You're right and I updated my list of instructions. I actually didn't need any bit operations for this project, but I included them on the list because eventually you would need them.

Yes, and the list of "very early machines" even includes some embedded applications! Diablo daisy-wheel printers had a processor built entirely with TTL (ie, no microprocessor), and I had a client that used a fleet of Diablo model 1345's in their manufacturing operation in the late 1980's and well into the 1990's.

Based on the schematic diagram (below) I was able to reverse engineer the instruction set, and it is painfully limited (ie, only ten instructions). In that respect its context seems relevant to this thread.

And Ed's remark is applicable, as there is no "plain vanilla" ADD instruction. Only two approximations are available.

• There's an instruction that'll fetch a register, add-with-carry an immediate constant hard-coded in the program and, then store the result back to the register; and,
• there's an instruction that'll fetch a register, fetch a second register and invert the data, add-with-carry, and then store the result back to the first register. Because of the inversion, this instruction is essentially a subtract (with borrow, if carry is clear). To accomplish a register to register addition you need to firstly create an inverted copy of one of the operands and then subtract.

The firmware for the Diablo relied heavily on bit operations, and there were several registers which each contained only a collection of unrelated bit fields. But (as with addition), things weren't entirely straightforward.

There was no logical OR instruction, so the only way to set a bit in a register was to use the instruction (noted above) which adds a hard-coded constant to the register. But of course that's inappropriate if the bit happens to already be set!

So, if you wanted a certain bit set, you'd first test that bit to see if it's already set... and then do a conditional branch! (ie, take no action if it's already set; otherwise add $01, $02, $04, $08 or whatever you need in order to set that particular bit!
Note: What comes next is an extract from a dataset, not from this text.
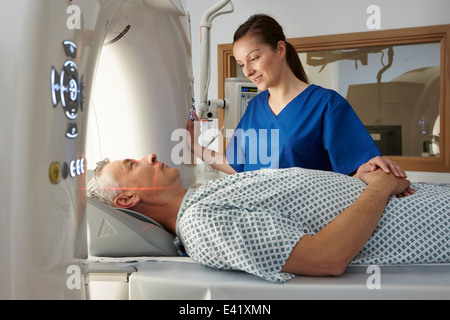 Radiographer reassuring man going into CT scanner Stock Photo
I got completely sucked down the rabbit hole, and eventually ended up reverse engineering the firmware and then hacking it. And yes it'd be fair to call this a Tarpit programming challenge! (Why hack the original firmware? The second half of this page describes the goals (although not the actual code). And there's a page about the processor itself here.)

-- Jeff

_________________
In 1988 my 65C02 got six new registers and 44 new full-speed instructions!
https://laughtonelectronics.com/Arcana/ ... mmary.html

@Dr Jefyll, I thought at the circuit level there were only binary adders, and subtraction with borrow required inverters for one of the inputs. I recall when I looked at the 6502 logical diagram that's how it was arranged.

BTW, thanks for posting that information about the IC based processor. Microprocessors used to be magic to me until I started reading stuff like that. Then you see what's going on under the hood.

Someday I may try building my own CPU, but I would definitely keep it simple and put all the burden in software. So a Turing Tarpit would likely be the result.